Garrett says Wood Mackenzie is closely monitoring how long producers can continue to tap their core assets to maintain production. “Since the downturn, everyone has talked about high-grading,” he says. “Reporters and investment bankers will ask, ‘How are you guys getting through the downturn?’ And everyone says, ‘Well, we’re high grading.’

“At what point are you out of high-graded locations?” Garrett asks. “At what point do you have to step out from areas that aren’t so great, despite the fact that technology is still quite good? That’s why we’re starting to see some degradation in well performance in some of those top producing wells in 2017 as compared to 2016.”

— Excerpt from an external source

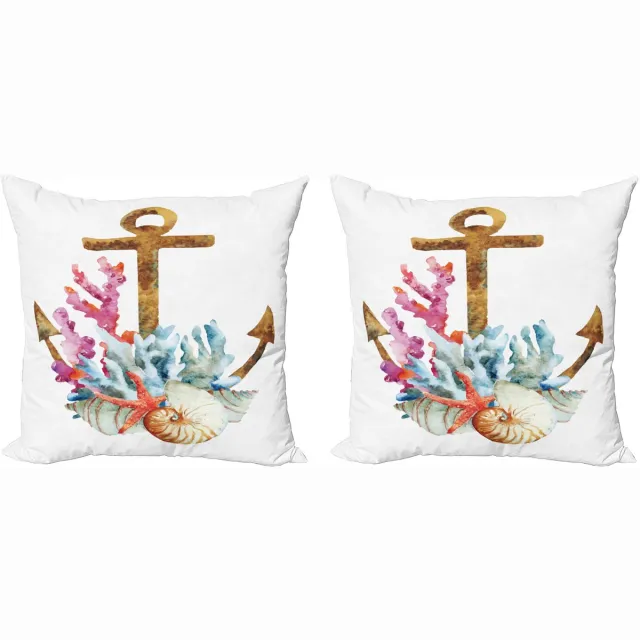ABAKUHAUS Anker Decoratieve Kussenhoes, Set van 2, Aquarel Zeester, 45x45 cm, Wit Meerkleurig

As Garrett sees it, one of the most important questions investors can ask is how many high-graded locations producers have left that can provide a good rate of return? “You can only drill what you have,” he notes.

What Investors Really Want
Watson says the model Abraxas employs relies on the company’s top-tier acreage in the Bakken to generate cash flow for its newer operations in the Delaware Basin.

“Our Bakken operation is really generating great returns for us,” he explains. “That allows us to accelerate what we’re doing in west Texas. We’re just very lucky to be in a position that we can continue to drill within cash flow. To put it bluntly, the Dakota Access Pipeline gave us a great shot in the arm. The returns we’re seeing in the Bakken are as good or better than what we’re seeing in West Texas because of the pipeline.”

Abramov expects changes in 2018 from last year when conference calls on second quarter results were mostly concerned with discussions about cash flow balances.

“The operators were sort of promising to investors that they would try to encourage organic growth, that they would try to achieve cash flow neutrality and would not take any new debts,” he says. “We think some of the largest and most efficient operators will be able to achieve this in 2018—companies like Continental Resources, EOG or Pioneer. They all have an opportunity this year to adjust their activity to such a level that they will be able to fund their operations with operational cash flow and still accelerate production. They have already passed through the early expansion phase when they need a lot of financing.”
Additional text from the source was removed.